### Directions for this task
Retype the lines from the one containing "Código de barras" through the last line of the entries below, exactly and in full, omitting every image.

*** Material provided Section Begins ***

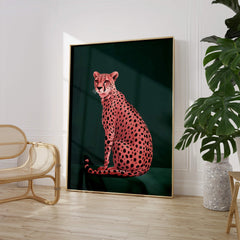 Pink Cheetah No2 Print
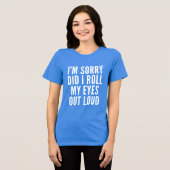 俺は転がTシャツの腕前を見せおもしろいた トライブレンドＴシャツ (正面全面)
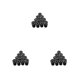 thumbnail image 5 of Sidaley Universal motocicleta parabrisas tornillo tuerca surtido M5x16mm motocicleta parabrisas pernos actualización repuestos negro Type1 NO1, 5 of 6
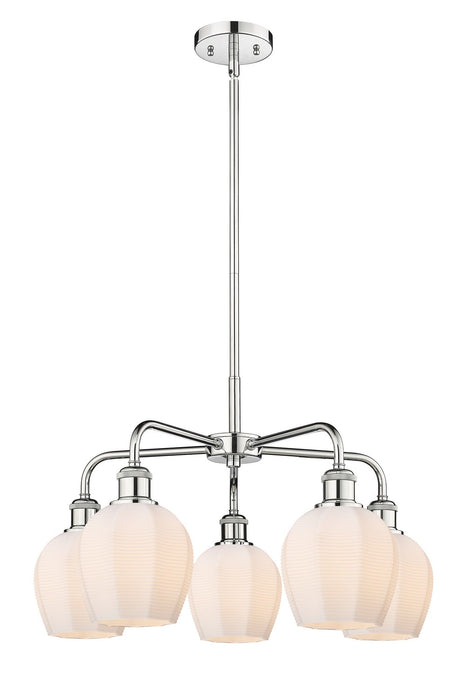 Innovations - 516-5CR-PC-G461-6 - Five Light Chandelier - Downtown Urban - Polished Chrome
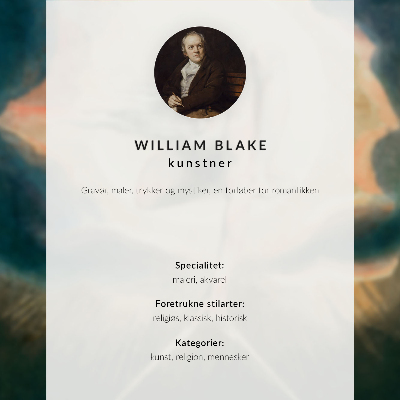 Hållbar väggposter Behemot och Leviathan (efter William Blake)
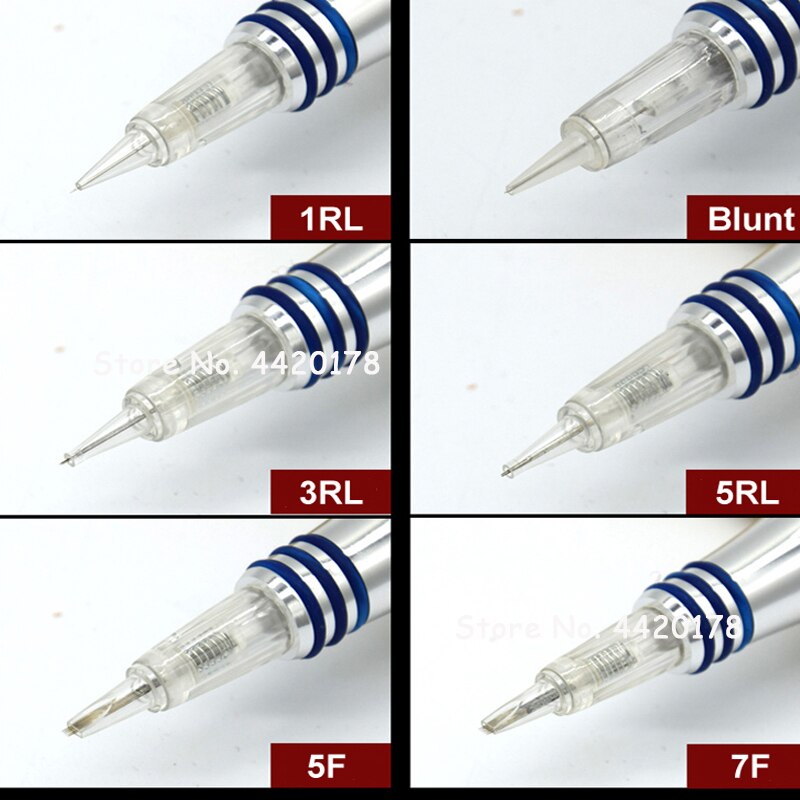 10-Piece Disposable Screw Cartridge Tattoo Needles – 1RL / 2RL / 3RL / 3F / 5RL / 5F (Sterile)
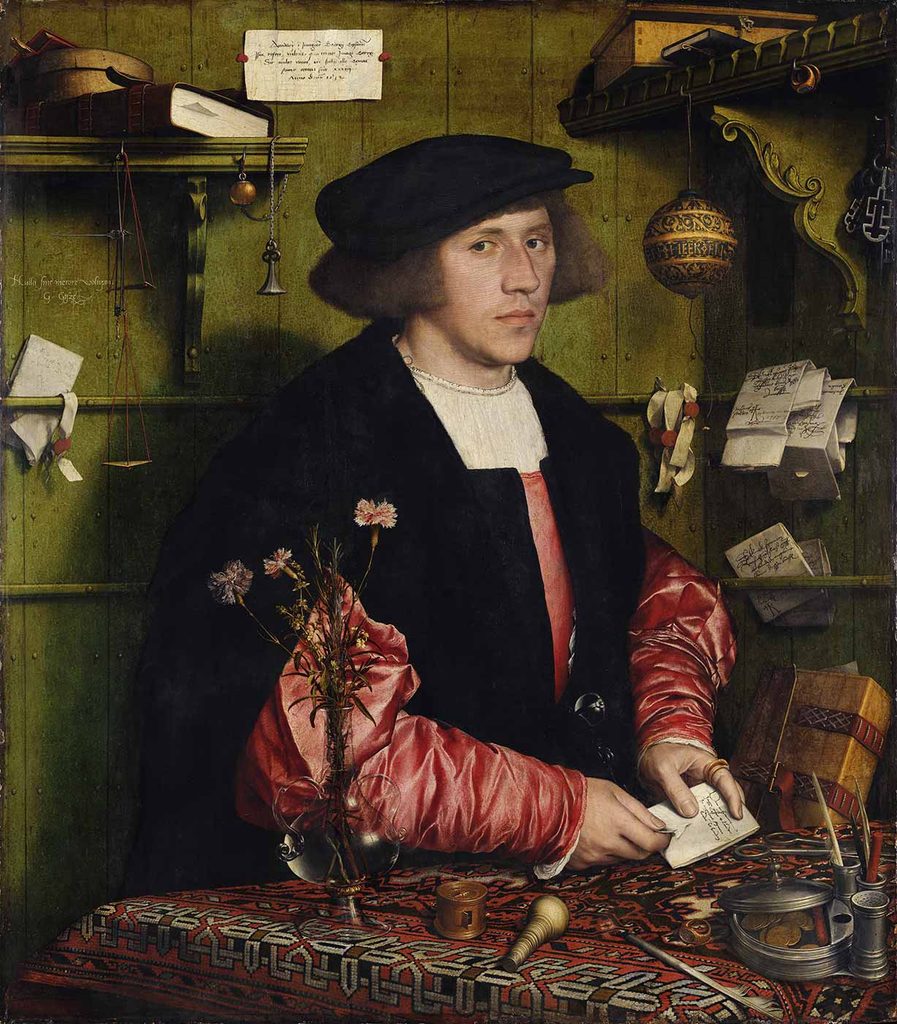 Hans Holbein the Elder Tüccar Georg Gisze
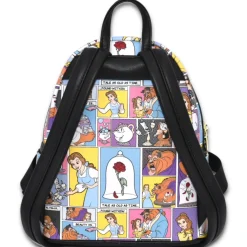 Beauty and the Beast (1991) - Comic 10” Faux Leather Mini Backpack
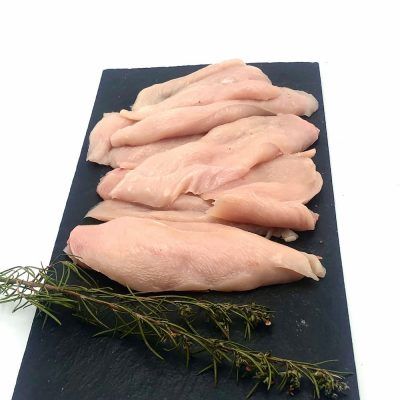 Pechuga de pollo fileteada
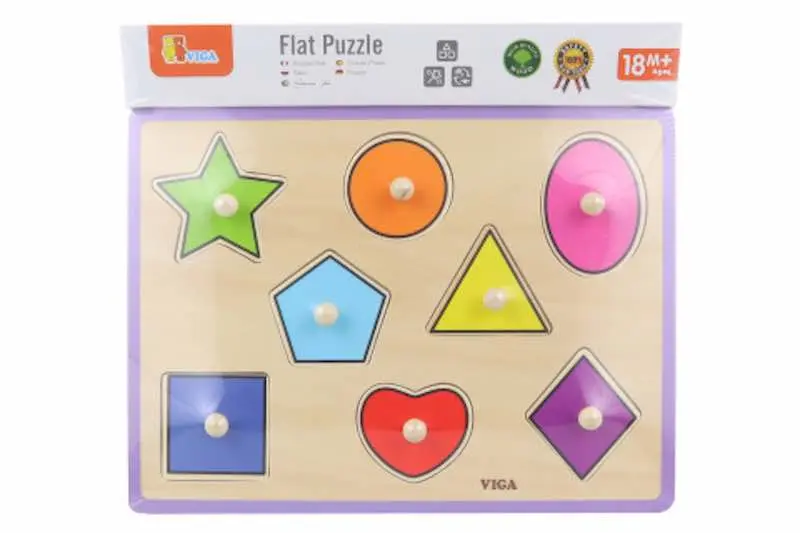Dřevěná montessori vkládačka - tvary Viga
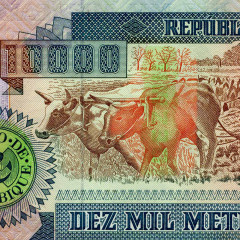 10000 метикал 1991 года - Мозамбик (Pick 137) UNC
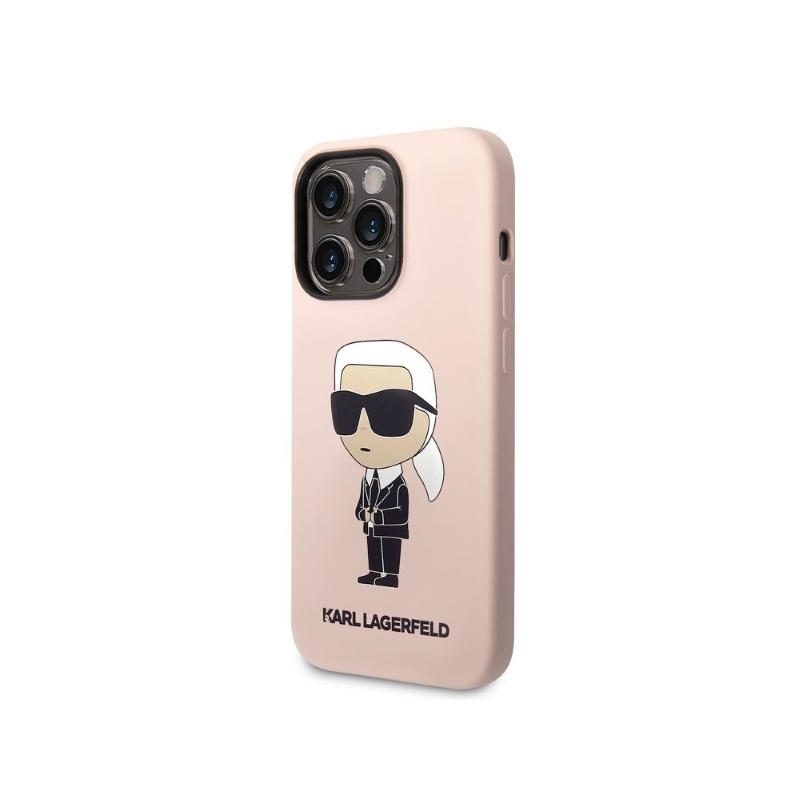 Karl Lagerfeld Klhmp14Xsnikbcp Iphone 14 Pro Max 6,7" Hardcase Różowy/pink Silicone Ikonik Magsafe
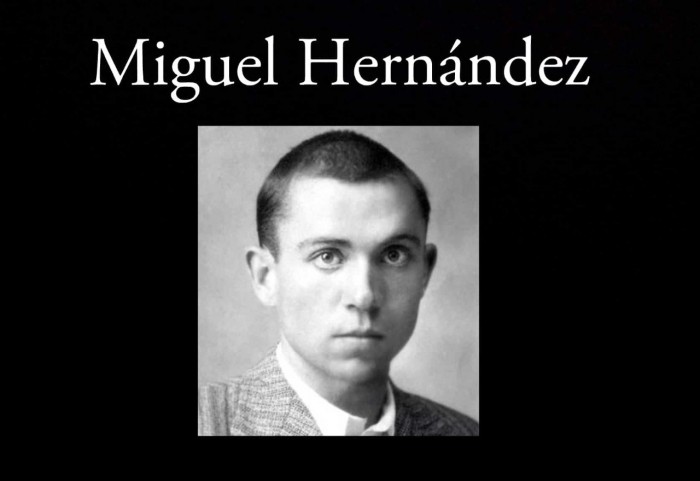 Miguel Hernández, el gran poeta español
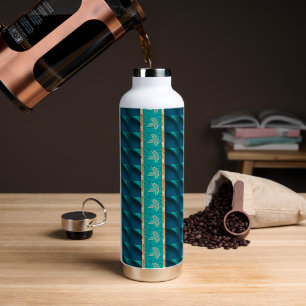 Elegant Trendy Teal Water Bottle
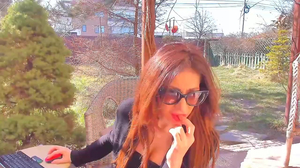 Wonderful Milf Takes Her Titties Out In Public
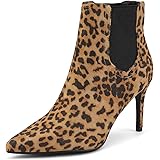 DREAM PAIRS Women's Pointed Toe Stiletto High Heel Ankle Booties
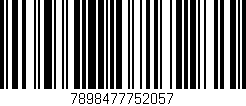 Código de barras (EAN, GTIN, SKU, ISBN): '7898477752057'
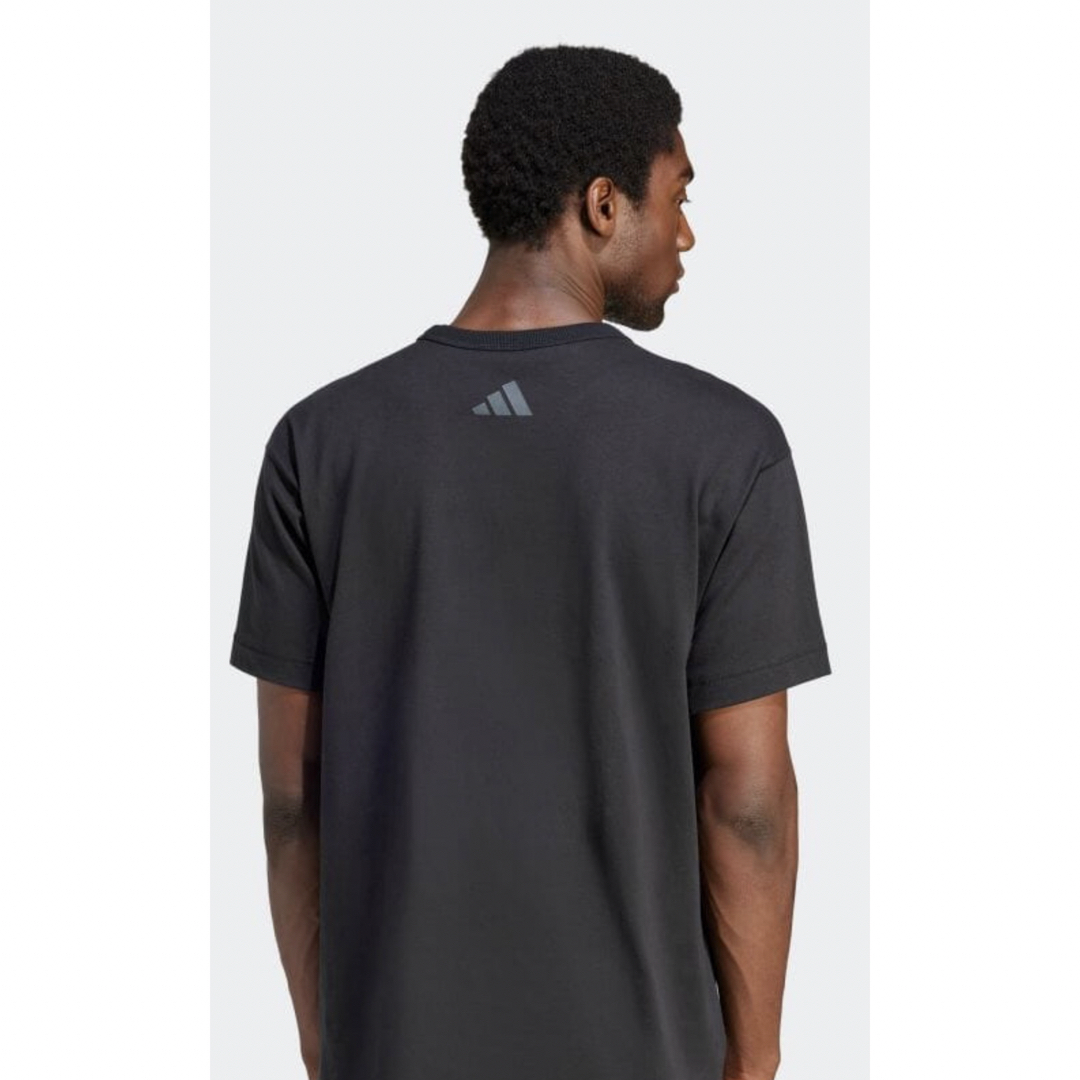 adidas(アディダス)の新品　XL アディダス　オールブラックス 半袖　ライフスタイル　Tシャツ メンズのトップス(Tシャツ/カットソー(半袖/袖なし))の商品写真
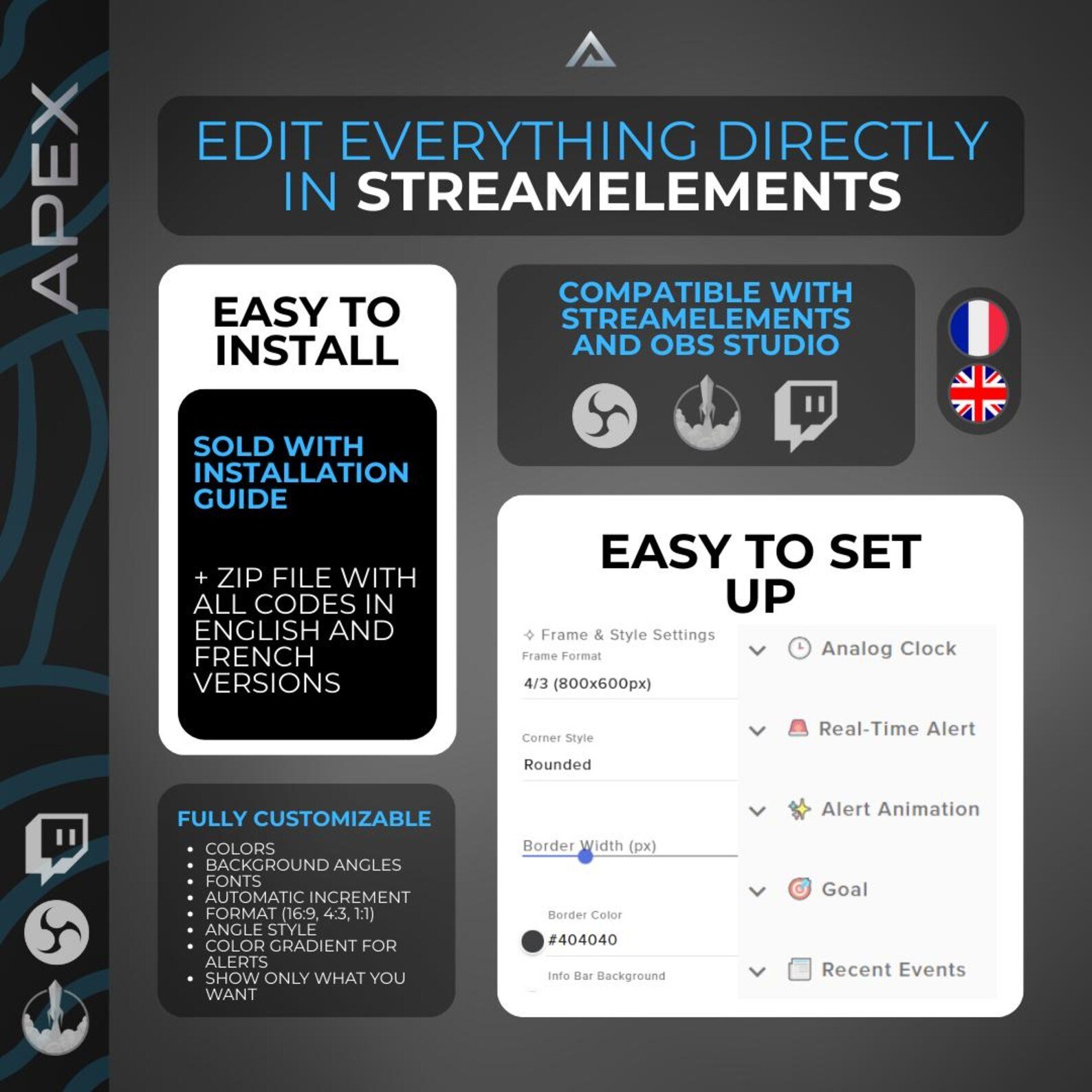 Twitch Widget de Webcam Minimalist product image (2)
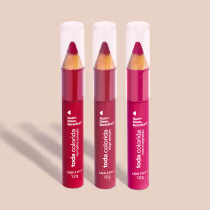 Imagem do produto Combo Lápis Multifuncional 3 Em 1 Toda Colorida: Bege Atração 1,2g + Vermelho Coração 1,2g + Rosa Imaginação 1,2
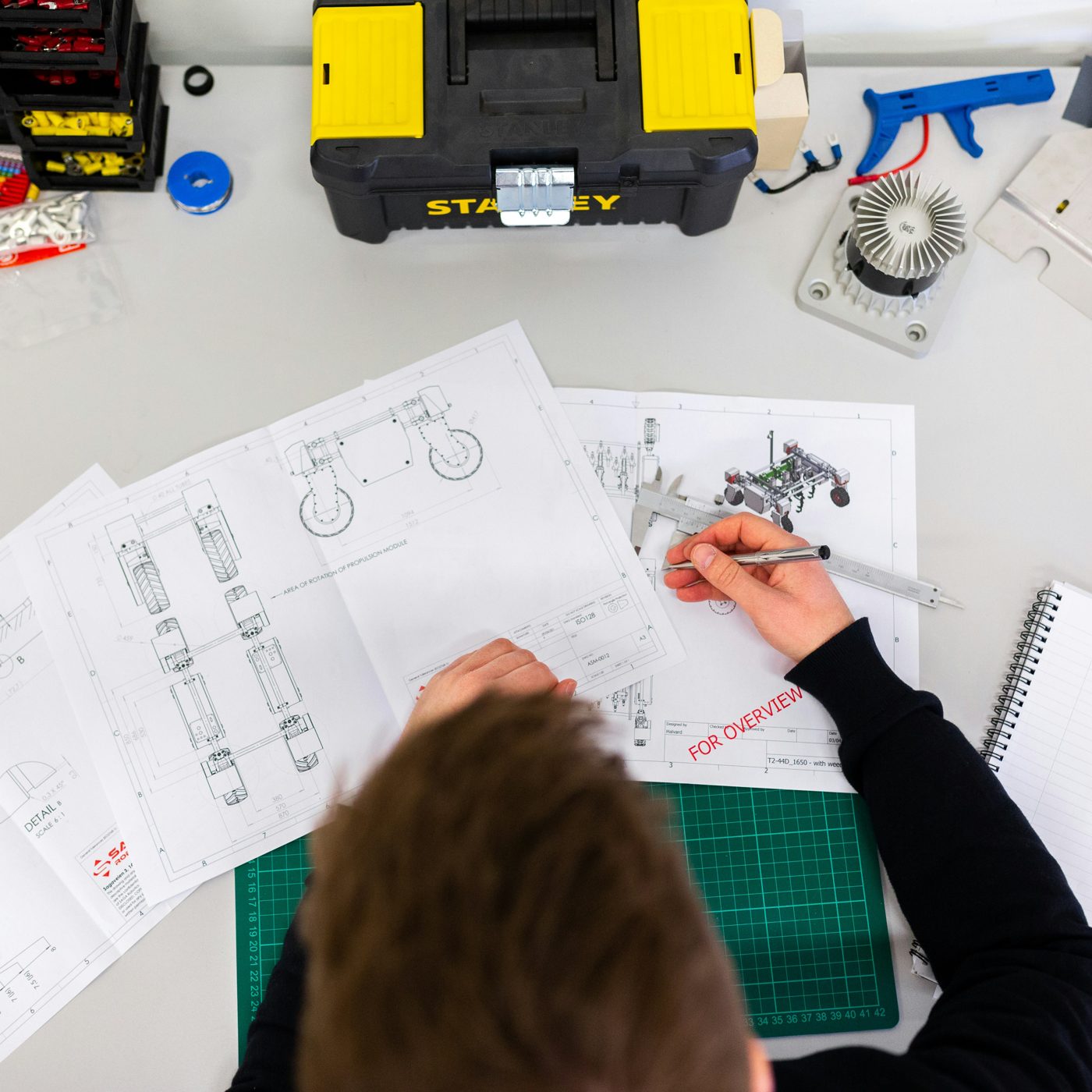 Digitalização 3D de uma peça para engenharia inversa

*** Material provided Section Ends ***

### Answer to this task
 Código de barras (EAN, GTIN, SKU, ISBN): '7898477752057'
 adidas(アディダス)の新品　XL アディダス　オールブラックス 半袖　ライフスタイル　Tシャツ メンズのトップス(Tシャツ/カットソー(半袖/袖なし))の商品写真
 Twitch Widget de Webcam Minimalist product image (2)
 Imagem do produto Combo Lápis Multifuncional 3 Em 1 Toda Colorida: Bege Atração 1,2g + Vermelho Coração 1,2g + Rosa Imaginação 1,2
 Digitalização 3D de uma peça para engenharia inversa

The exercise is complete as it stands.